Qu’est-ce qui lui apporte de la satisfaction ? L’argent ? La renommée ? L’amour ? Serait-elle heureuse qu’elle trouverait encore des motifs de se plaindre pour qu’on lui porte de l’attention.
Le piège se referme tout doucement sur elle. Sans échappatoire. L’ascension est aussi plaisante et courte que la descente aux enfers sera longue et pénible. Emma Bovary est le corbeau qui lâche son fromage au beau parleur. La cliente à la merci de la société de consommation et des banques qui lui ont gentiment proposé un crédit. Elle est la provinciale qui pense que c’est mieux à Paris.

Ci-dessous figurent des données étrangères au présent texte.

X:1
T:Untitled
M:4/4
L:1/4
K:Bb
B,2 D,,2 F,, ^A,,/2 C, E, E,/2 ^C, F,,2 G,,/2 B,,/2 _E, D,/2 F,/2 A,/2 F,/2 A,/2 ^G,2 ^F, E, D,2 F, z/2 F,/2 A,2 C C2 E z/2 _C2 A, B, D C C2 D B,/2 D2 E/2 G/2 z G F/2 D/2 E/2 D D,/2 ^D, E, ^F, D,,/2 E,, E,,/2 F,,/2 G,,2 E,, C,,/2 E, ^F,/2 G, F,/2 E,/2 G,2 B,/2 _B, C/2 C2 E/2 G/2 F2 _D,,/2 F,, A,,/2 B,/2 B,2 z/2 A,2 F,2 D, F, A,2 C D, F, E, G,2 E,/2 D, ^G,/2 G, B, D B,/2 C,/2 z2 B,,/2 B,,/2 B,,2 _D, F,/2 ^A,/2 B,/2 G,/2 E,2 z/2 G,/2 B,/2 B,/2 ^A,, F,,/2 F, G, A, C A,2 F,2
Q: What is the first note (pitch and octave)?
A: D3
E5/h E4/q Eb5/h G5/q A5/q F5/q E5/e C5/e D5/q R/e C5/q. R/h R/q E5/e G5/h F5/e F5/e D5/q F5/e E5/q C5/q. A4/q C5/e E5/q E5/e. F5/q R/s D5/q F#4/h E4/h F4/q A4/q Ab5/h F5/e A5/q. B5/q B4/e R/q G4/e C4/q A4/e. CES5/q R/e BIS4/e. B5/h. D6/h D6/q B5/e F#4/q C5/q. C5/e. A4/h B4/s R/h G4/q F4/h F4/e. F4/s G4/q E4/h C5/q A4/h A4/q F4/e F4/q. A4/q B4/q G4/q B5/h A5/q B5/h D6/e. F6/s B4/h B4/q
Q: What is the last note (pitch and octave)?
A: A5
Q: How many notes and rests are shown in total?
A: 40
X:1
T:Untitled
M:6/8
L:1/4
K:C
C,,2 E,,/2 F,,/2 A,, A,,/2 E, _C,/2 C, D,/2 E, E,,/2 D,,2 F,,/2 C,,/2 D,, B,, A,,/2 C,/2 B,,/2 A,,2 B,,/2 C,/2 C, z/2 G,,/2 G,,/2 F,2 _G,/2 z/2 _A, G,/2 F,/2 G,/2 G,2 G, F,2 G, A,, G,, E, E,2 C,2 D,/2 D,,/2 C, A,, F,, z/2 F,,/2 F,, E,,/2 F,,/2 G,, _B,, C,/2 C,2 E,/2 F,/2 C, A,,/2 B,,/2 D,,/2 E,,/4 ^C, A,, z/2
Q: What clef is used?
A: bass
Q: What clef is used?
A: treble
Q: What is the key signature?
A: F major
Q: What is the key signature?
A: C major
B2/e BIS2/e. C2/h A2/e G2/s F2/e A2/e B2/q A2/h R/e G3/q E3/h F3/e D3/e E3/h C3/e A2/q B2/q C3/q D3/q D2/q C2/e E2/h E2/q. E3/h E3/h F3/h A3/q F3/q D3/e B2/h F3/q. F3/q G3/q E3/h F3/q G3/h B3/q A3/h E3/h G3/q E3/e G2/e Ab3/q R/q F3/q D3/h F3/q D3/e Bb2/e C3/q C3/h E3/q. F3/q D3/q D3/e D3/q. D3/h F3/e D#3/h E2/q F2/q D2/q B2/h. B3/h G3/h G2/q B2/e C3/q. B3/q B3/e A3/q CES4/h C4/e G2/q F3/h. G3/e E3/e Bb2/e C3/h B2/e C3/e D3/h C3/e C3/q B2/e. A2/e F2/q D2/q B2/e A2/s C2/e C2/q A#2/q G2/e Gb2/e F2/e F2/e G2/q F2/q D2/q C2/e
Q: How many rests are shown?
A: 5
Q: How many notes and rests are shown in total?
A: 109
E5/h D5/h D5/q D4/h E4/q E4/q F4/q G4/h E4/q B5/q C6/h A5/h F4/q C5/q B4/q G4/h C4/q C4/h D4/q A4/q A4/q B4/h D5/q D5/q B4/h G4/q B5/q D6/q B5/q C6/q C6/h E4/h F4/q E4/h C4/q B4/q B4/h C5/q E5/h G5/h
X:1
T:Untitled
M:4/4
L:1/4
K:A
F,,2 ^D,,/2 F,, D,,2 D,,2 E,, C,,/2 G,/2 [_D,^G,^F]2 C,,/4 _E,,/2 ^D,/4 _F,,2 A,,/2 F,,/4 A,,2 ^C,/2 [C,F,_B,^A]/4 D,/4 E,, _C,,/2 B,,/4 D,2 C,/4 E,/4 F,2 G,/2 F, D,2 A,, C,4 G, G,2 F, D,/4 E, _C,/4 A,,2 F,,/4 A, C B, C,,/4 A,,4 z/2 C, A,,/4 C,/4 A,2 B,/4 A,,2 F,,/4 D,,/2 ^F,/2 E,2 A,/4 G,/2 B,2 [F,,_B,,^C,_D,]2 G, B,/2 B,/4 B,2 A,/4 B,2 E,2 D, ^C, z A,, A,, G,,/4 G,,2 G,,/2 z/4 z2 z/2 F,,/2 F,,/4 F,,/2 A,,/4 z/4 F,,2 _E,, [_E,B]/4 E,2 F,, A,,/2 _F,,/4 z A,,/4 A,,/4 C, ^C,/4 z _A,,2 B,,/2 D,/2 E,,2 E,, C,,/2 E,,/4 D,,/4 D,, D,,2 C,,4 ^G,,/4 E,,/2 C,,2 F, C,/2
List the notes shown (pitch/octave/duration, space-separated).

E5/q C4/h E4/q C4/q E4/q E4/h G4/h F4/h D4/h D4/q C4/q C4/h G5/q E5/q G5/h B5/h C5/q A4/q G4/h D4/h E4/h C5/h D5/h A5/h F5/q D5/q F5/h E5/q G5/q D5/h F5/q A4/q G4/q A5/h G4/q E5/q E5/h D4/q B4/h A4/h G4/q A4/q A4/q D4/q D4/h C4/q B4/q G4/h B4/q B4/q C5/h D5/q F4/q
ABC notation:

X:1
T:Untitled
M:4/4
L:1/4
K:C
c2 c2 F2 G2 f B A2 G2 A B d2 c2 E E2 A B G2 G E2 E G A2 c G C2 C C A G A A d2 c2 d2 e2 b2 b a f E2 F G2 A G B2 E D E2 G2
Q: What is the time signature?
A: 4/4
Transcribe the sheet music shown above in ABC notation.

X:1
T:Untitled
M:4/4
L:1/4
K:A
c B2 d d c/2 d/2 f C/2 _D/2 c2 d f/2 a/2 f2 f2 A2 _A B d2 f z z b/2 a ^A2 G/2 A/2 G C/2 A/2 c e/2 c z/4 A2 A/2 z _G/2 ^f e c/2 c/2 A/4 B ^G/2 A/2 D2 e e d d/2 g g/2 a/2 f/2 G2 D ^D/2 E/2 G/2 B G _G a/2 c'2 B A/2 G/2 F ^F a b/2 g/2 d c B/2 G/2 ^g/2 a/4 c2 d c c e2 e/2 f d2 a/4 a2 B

Voilà les idées de Paris. On veut tout soigner, on veut faire le malin. Sans se soucier des conséquences. Nous ne sommes pas faits pour ça nous autres, nous ne sommes pas des savants, nous sommes des praticiens, nous n’imaginerions pas opérer quelqu’un qui se porte à merveille… redresser un pied bot !? Est-ce qu’on peut redresser les pieds bots ? Pourquoi pas redresser les bossus ? (cf Jean de Florette)
Elle confond ambition et détermination. Le malheur est une chance qu’on s’occupe mieux d’elle jusqu’au jour où tout le monde l’abandonne, sauf Charles son seul véritable ami – qui ne compte pas à ses yeux.
Elle est une femme qui rêve tellement de liberté qu’elle en fait des cauchemars. Affirmant que le bonheur ne se trouve pas, sans en être convaincue puisqu’elle le cherche toujours. Et toujours aux mauvais endroits.
Finalement devenue l’esclave des hommes dont elle espérait pouvoir se servir dans son irresistible ascension vers on ne sait où.